NASAからはガンマ線・中性子分光計(名称MEGANE)が提供され、MMXに搭載される。開発を担当するのは、ジョンズ・ホプキンズ大学応用物理研究所である[22]。
CNESとDLRは、小惑星探査機はやぶさ2に搭載した小型着陸機MASCOTの後継として小型ローバーを開発し、MMXに搭載する。小型ローバーはMMXの着陸より前に火星衛星表面に降り立ち、表面レゴリスの組成を分析し、MMXのミッションリスクを軽減するとともにミッションを最適化する。またMASCOTでは一次電池であったが、小型ローバーには太陽電池が搭載され、数ヶ月の表面観測が可能となる[23]。
2019年6月18日、JAXAとDLRは協定を結び、MMX探査機に搭載する小型ローバーのCNESとの共同検討の他、ドイツ国内の落下塔を使用した実験機会を提供することや、サイエンスを通じたドイツ科学者の参画を支援することが取り交わされた[24]。
2019年6月27日、JAXAとCNESはMMX探査機に搭載する近赤外分光計(MacrOmega)、飛行力学の知見、小型ローバーの提供を受けることについて、開発に向けた準備段階の共同検討を行うことに合意した[25]。

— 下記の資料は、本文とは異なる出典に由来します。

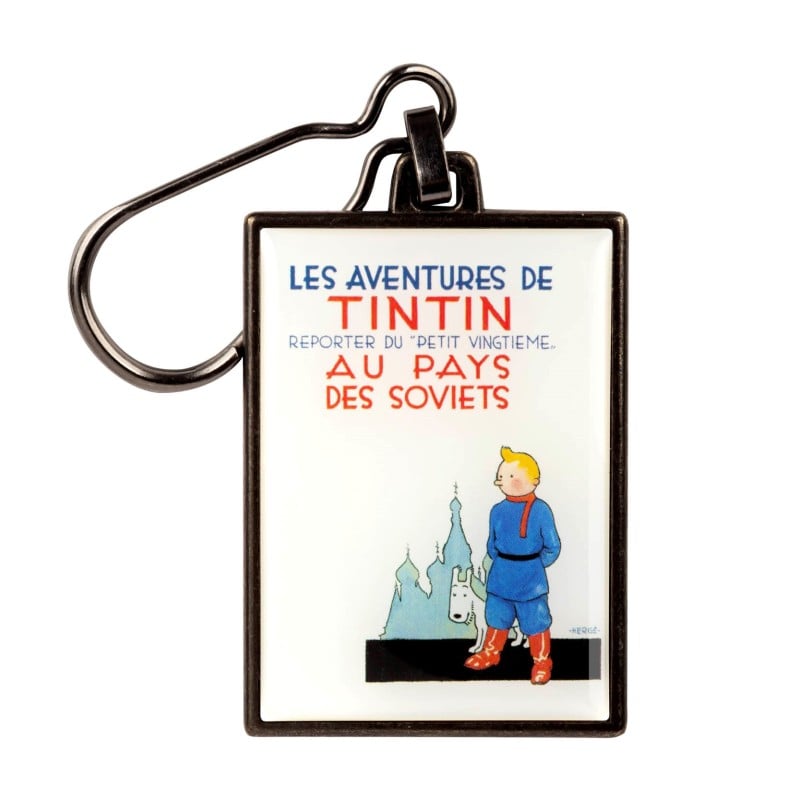 Figurine porte-clé métal Tintin - Couverture T01 Au pays des Soviets N/B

2020年9月10日、JAXAとNHKは4K・8Kカメラを共同開発することを発表した。一定間隔で撮影した画像は、一部を地球に伝送して滑らかな映像にし、オリジナルのMMXカプセル内のメモリーに記録し地球に持ち帰ることを計画している[26]。
その他
脚注
注釈
- ^ 実際には火星を周回する軌道にあるが、フォボスとほぼ同じ軌道でフォボス付近を公転するため、フォボスの周囲を公転しているように見える軌道のこと[9]。準衛星も参照。
- ^ 火星衛星の探査機ではなく火星探査機であること、カプセルの直径が4mと非常に大きいことや、往路モジュールが接続されたままであることなどの差異がある。